The ruling reinforces the view that this Court feels little love for limitations defenses. It suggests the Court prefers getting to legal substance.
Claims under ERISA
The Employee Retirement Income Security Act of 1974 governs savings, pension, and other plans that companies set up to benefit employees and their families. The statute protects plan beneficiaries partly by giving them the right to sue the plan sponsor (the employer) and other plan fiduciaries (often officers of the sponsor) for breaching their fiduciary duties to the plan and plan beneficiaries.
One kind of ERISA claim challenges the prudence of plan investment options on the ground that the plan and its fiduciaries should have periodically reviewed those options and substituted lower-cost alternatives.
The plaintiffs in Tibble v.

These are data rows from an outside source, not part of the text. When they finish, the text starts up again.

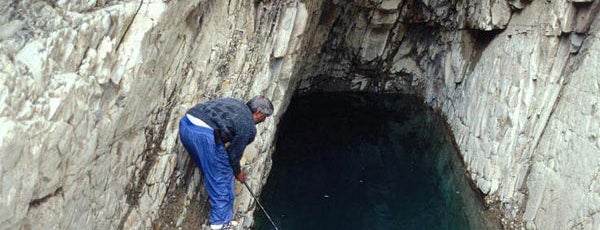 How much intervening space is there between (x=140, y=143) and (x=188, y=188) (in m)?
1.23

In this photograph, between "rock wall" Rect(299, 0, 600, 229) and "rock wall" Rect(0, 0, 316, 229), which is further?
"rock wall" Rect(299, 0, 600, 229)

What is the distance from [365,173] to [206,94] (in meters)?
6.56

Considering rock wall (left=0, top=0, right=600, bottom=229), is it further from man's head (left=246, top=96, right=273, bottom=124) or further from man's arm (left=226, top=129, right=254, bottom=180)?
man's head (left=246, top=96, right=273, bottom=124)

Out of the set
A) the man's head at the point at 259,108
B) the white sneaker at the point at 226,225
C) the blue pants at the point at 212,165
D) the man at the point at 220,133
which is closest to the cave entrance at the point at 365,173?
the white sneaker at the point at 226,225

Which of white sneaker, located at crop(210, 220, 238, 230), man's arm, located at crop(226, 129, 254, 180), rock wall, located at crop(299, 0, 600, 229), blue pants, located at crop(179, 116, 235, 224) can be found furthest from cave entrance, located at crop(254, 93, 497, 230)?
man's arm, located at crop(226, 129, 254, 180)

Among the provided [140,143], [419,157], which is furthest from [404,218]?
[140,143]

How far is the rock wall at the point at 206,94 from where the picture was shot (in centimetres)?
518

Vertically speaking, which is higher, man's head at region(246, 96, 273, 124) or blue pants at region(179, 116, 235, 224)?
man's head at region(246, 96, 273, 124)

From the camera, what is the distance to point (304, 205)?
11617mm

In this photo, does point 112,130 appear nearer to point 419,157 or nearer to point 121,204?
point 121,204

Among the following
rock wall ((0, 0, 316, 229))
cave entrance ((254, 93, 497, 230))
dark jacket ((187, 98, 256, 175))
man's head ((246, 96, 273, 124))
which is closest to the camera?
rock wall ((0, 0, 316, 229))

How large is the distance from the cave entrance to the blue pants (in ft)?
6.37

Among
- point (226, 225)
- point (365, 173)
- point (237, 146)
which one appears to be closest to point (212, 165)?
point (237, 146)

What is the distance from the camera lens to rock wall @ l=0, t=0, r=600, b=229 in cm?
518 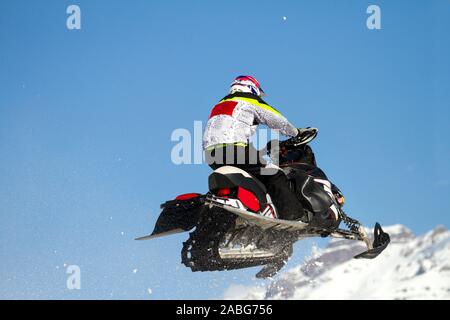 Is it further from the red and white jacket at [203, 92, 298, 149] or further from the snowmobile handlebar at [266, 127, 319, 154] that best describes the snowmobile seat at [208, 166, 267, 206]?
the snowmobile handlebar at [266, 127, 319, 154]

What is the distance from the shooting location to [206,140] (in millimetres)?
10891

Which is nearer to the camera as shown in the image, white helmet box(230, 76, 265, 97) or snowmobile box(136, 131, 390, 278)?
snowmobile box(136, 131, 390, 278)

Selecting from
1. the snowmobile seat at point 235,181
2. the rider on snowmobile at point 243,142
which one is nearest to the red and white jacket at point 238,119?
the rider on snowmobile at point 243,142

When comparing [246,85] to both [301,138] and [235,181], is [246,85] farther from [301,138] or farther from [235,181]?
[235,181]

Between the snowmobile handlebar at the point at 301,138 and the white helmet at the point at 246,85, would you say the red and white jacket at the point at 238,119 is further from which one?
the snowmobile handlebar at the point at 301,138

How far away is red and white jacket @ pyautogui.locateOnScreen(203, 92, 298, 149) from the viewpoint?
10.7 m

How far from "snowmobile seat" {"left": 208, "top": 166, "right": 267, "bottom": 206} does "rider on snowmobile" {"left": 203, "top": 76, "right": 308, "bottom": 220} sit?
0.27 metres

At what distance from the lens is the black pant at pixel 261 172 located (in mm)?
10719

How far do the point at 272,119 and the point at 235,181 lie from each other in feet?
4.57

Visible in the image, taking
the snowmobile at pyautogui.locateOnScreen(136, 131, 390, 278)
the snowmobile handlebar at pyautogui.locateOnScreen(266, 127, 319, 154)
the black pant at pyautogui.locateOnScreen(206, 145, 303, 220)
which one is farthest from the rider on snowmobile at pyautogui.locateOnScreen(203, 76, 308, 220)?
the snowmobile handlebar at pyautogui.locateOnScreen(266, 127, 319, 154)

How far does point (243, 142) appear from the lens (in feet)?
35.3

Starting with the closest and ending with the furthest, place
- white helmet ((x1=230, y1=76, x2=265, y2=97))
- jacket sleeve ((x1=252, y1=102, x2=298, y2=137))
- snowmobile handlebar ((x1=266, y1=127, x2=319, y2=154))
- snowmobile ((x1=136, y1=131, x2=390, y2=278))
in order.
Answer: snowmobile ((x1=136, y1=131, x2=390, y2=278)) < jacket sleeve ((x1=252, y1=102, x2=298, y2=137)) < white helmet ((x1=230, y1=76, x2=265, y2=97)) < snowmobile handlebar ((x1=266, y1=127, x2=319, y2=154))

Edison Int'l, No. 13-550 (U.S. May 18, 2015), made just such a claim. They alleged that the Edison 401(k) Savings Plan's sponsor (the power generator Edison International) and the Plan's fiduciaries violated their duty of care by not monitoring the mutual funds that the Plan offered and swapping less expensive choices for the existing ones.
Summary judgment
The district court granted the motion of Edison and the other defendants for summary judgment on the ground that the six-year statute of limitations expired before plaintiffs sued. It allowed the Tibble plaintiffs to argue that the Plan's fiduciaries should have conducted a review of investment options within the limitations period but rejected their argument, holding that Tibble and the others "had not met their burden of showing that a prudent fiduciary would have undertaken a full due-diligence review of these funds as a result of the alleged changed circumstances." Tibble, slip op. at 3. The Ninth Circuit affirmed. Tibble v. Edison Int'l, 729 F.3d 1110 (9th Cir. 2013).
Try again
The Supreme Court unanimously disagreed with the courts below. Per Justice Stephen Breyer, the Court concluded that the district court and court of appeals had applied too stringent a test for when a change in circumstances triggers a fiduciary's duty to review the investment options of plan participants.
Justice Breyer noted that, "under trust law, a fiduciary normally has a continuing duty of some kind to monitor investments and remove imprudent ones." Id. at 6. The Ninth Circuit erred by not "considering the nature of the fiduciary duty" and by failing to "recognize that under trust law a fiduciary is required to conduct a regular review of its investment with the nature and timing of the review contingent on the circumstances." Id. at 5.
Because the Ninth Circuit required proof of a "significant" change in circumstances before a duty to reevaluate investment choices arose, the Court vacated the decision and remanded to the Ninth Circuit "to consider petitioners' claims that respondents breached their duties within the relevant 6-year period under 1113, recognizing the importance of analogous trust law." Id. at 7.
Take-away
Last May, the Court ruled against another defendant who complained about the tardiness of a lawsuit. In Petrella v. Metro-Goldwyn-Mayer, Inc., 134 S. Ct. 1962 (2014) (post here), the Court held that a laches defense cannot override Congress's judgment to allow suits under copyright law to collect damages for a three year "look-back" period.
The outcomes in Tibble and Petrella support the view that the Court gives narrow play to procedural defenses like limitations.
Limitations defenses present especially thorny issues for plaintiffs. The plaintiff may take the case all the way to verdict before she learns that limitations bars her claim. Plaintiffs should prefer to get that over soon, before they've spent a lot of time and resources on the case. Delaying judgment day on limitations thus may end up doing more harm to the plaintiffs — and their contingent-fee counsel — than good.